La sentencia puede aumentar más la dosis de desconfianza de los ciudadanos respecto a nuestras instituciones
EMILIO PÉREZ TOURIÑO 15 NOV 2013 - 00:30 CET
El principio de “quien contamina paga” ha quedado establecido en la doctrina, tras años de civilización y progreso, como un instrumento esencial para proteger nuestro ecosistema ante catástrofes ecológicas, como las producidas — entre otros— por los vertidos del Exxon Valdezen las costas de EE UU o del Erikaen las francesas. Desde entonces aprendimos a hacer valer que sea más costoso contaminar que evitar y prevenir la contaminación.
Este principio fundamental del orden marítimo internacional y —más allá— de nuestros Estados de Derecho, se ha quebrado 11 años después de la catástrofe del Prestige. Aquí, quien ha contaminado no paga. El final del procedimiento judicial transcurrido a lo largo de más de una década ha concluido con un rotundo fracaso de nuestro sistema judicial, incapaz de aplicar y hacer valer este principio civilizatorio, y abre la puerta peligrosamente a la impunidad de los responsables de una de las mayores catástrofes ecológicas de nuestra historia. Un auténtico desatino.
Podrán darse mil argumentos y explicaciones jurídicas, escucharemos el ruido partidario, en especial el de un gobierno y un partido — que en su día ya fue reprobado en las calles y en las urnas por la ciudadanía—- que pretende ahora sacar pecho ante este desatino, pero, tal vez, lo único en lo que no podremos discrepar es en la existencia de una inmensa marea negra sobre nuestras costas y en los cuantiosos daños ocasionados al conjunto del ecosistema como consecuencia de aquella catástrofe. La contrapartida de esta “verdad” es que ha ganado la impunidad y al final no hay responsables ni culpables de esta catástrofe y que, años después, hemos terminado por arrojar al mar, junto con el chapapote, los principios que rigen y deben regir una sociedad que se respeta a sí misma.

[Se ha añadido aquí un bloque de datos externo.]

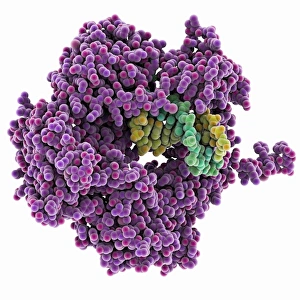 DNA Clamp Complexed with DNA Molecule Print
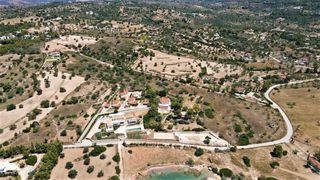 Αγροτεμάχια 18.533 τ.μ. για πώληση, Αργολίδα, Κρανίδι-thumb-9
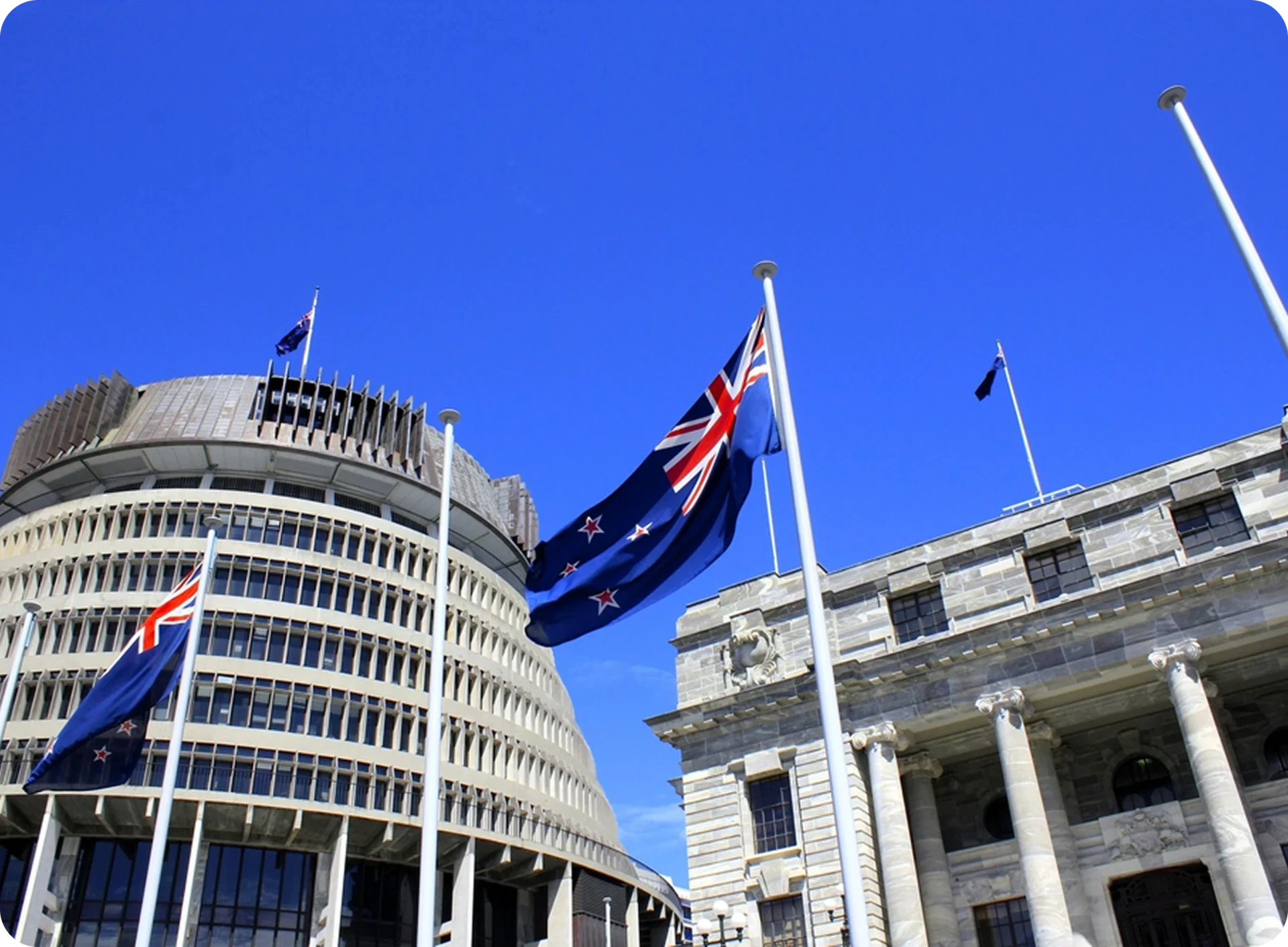 New Zealand higher education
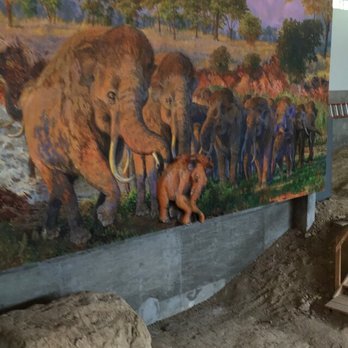 Waco Mammoth National Monument - Museums Near Me - Waco, Texas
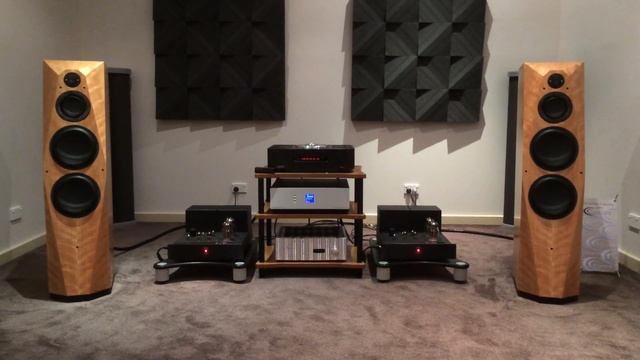 Avalon Compas Ayon CD3sx Lamm ML2.2 Purist Audio at Absolute Hi End смотреть онлайн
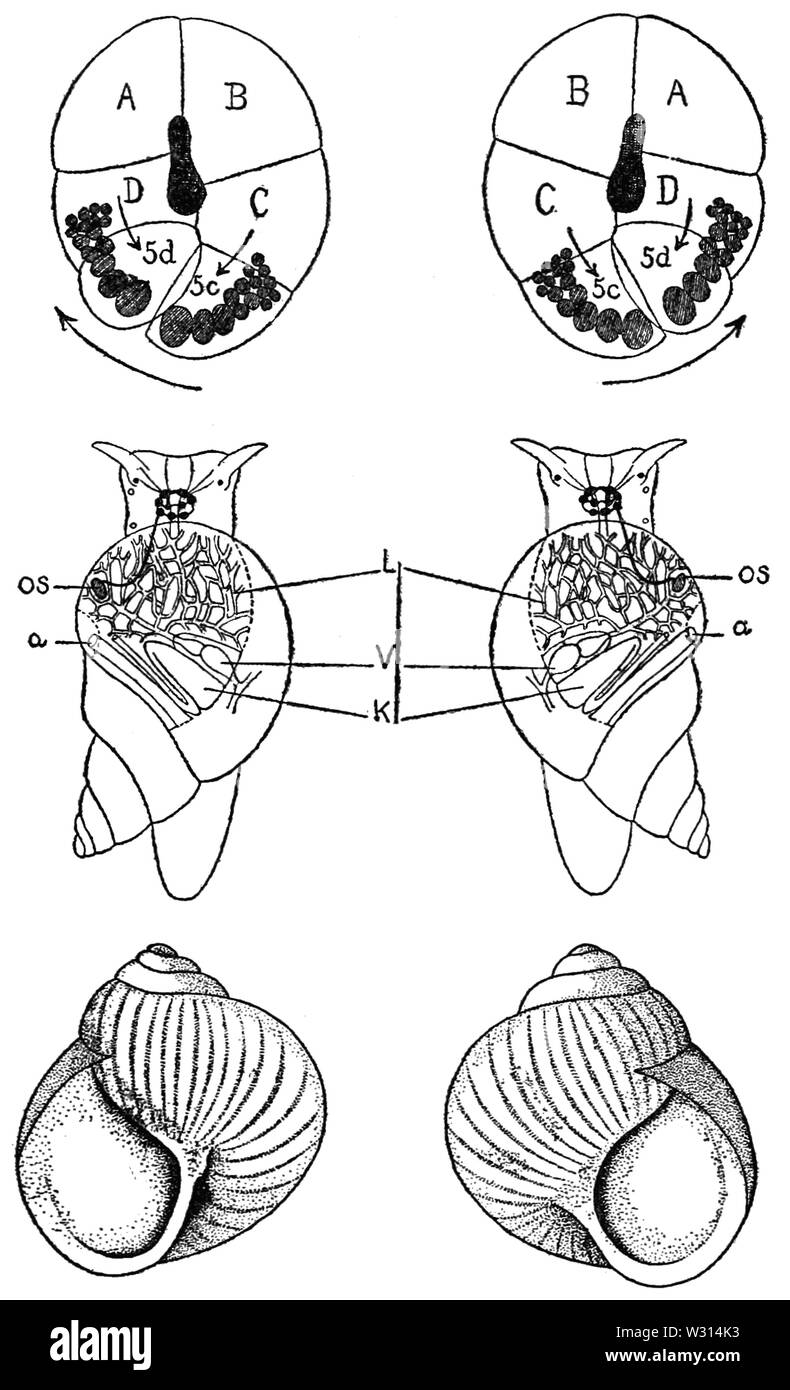 PSM V85 D245 Inverse symmetry in late embryos and adult stages of snails Stock Photo Alamy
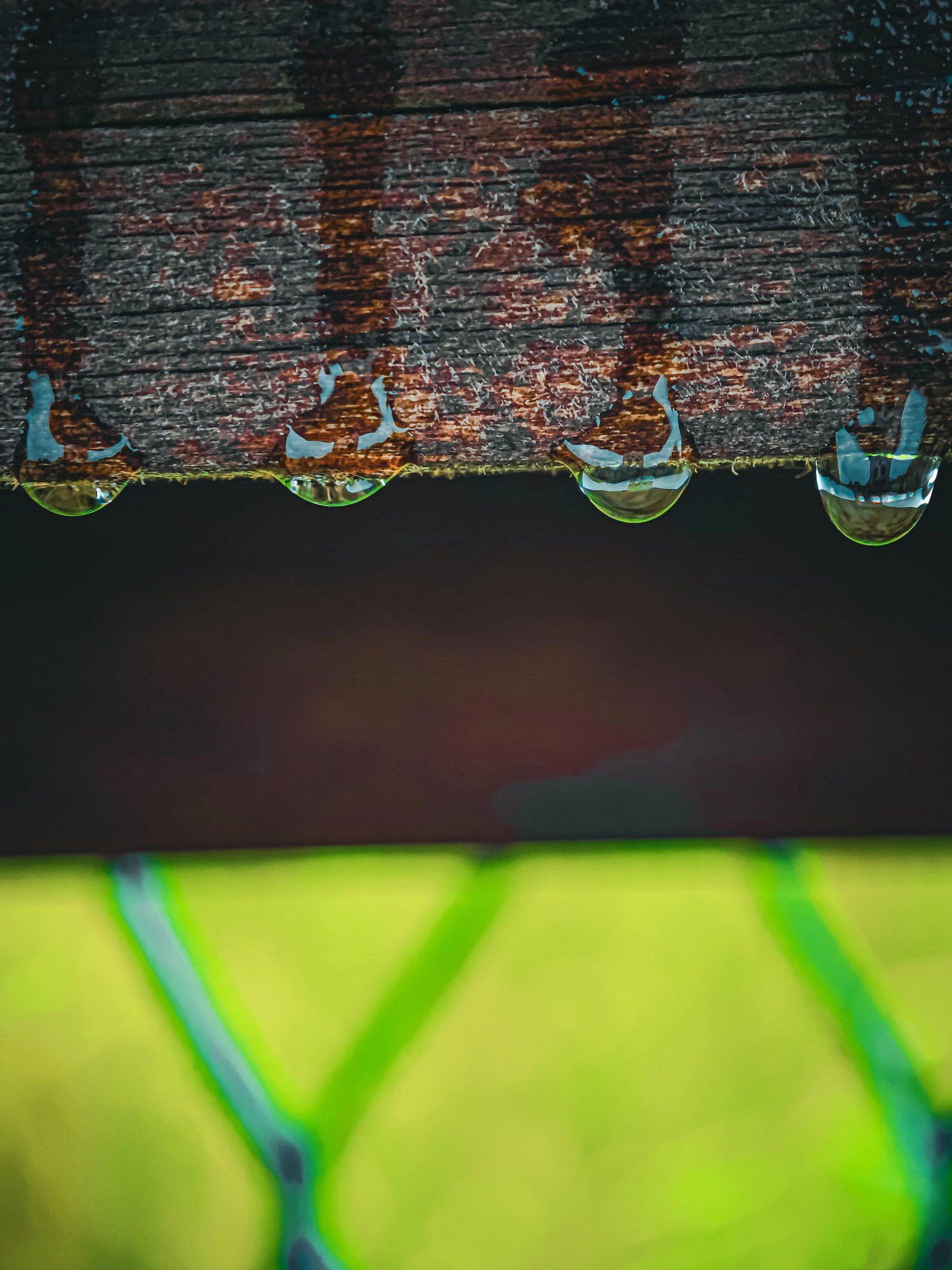 Neli sõpra vihmast Jaanipäeva nautimas. 💧🌧️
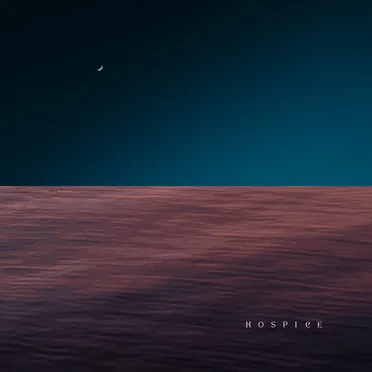 Hospice by Halfloves - album cover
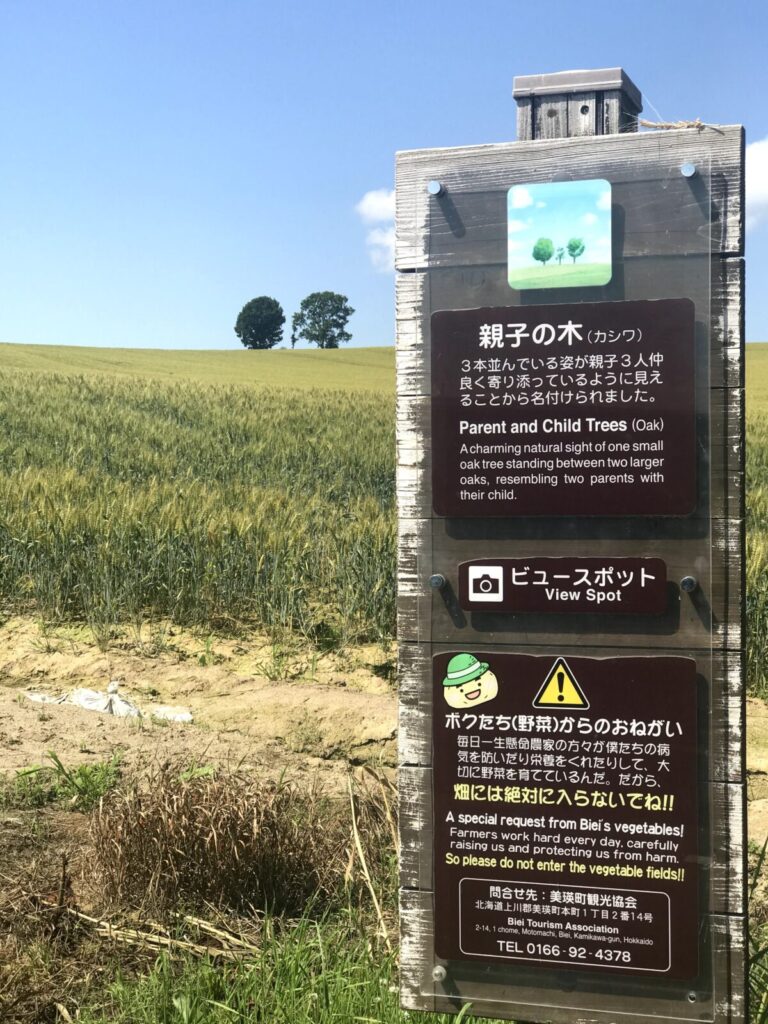 「親子の木」の名前の由来を説明する看板(富良野)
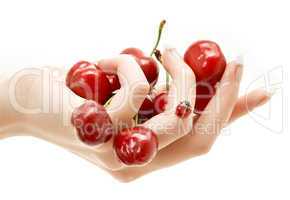 hand full of red cherries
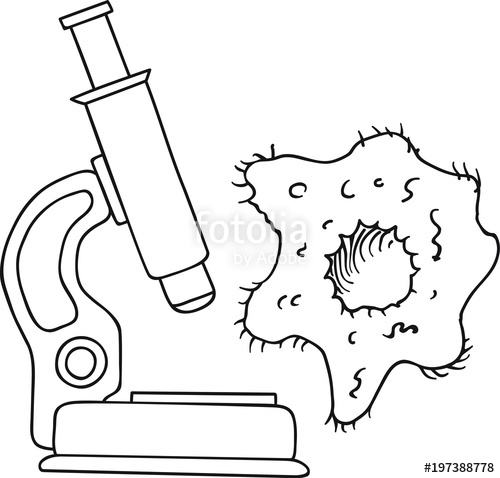 500x478 Hand Drawn Doodle Sketch Line Art Vector Illustration Of Optical - Microscope Sketch Template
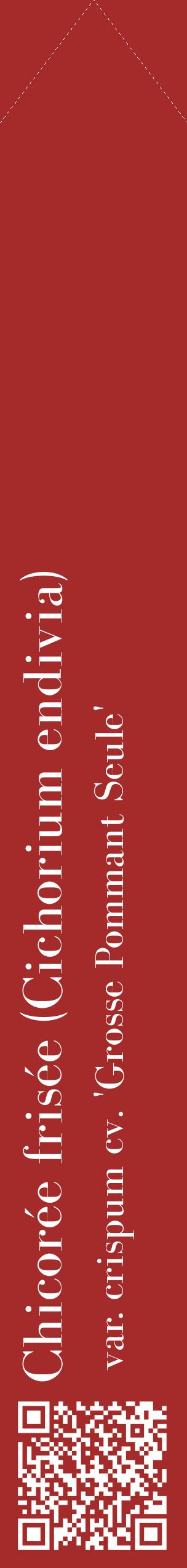 Étiquette de : Cichorium endivia var. crispum cv. 'Grosse Pommant Seule' - format c - style blanche33_simplebod avec qrcode et comestibilité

Por eso, al menos ahora, deberíamos desde la responsabilidad política ser capaces de analizar y resolver qué es lo que hemos hecho tan mal para que, 11 años después, el sistema haya fracasado y no cumpla con lo que de él se esperaba: hacer justicia aplicando el principio de que quien contamine pague. Si en su día la catástrofe y su gestión generaron oleadas de decepción y descrédito institucional ante el comportamiento de los responsables políticos, me temo que el final judicial de esta mala historia vaya justamente en la misma dirección, la de aumentar las dosis de desconfianza de los ciudadanos respecto al funcionamiento de nuestras instituciones. Peor imposible.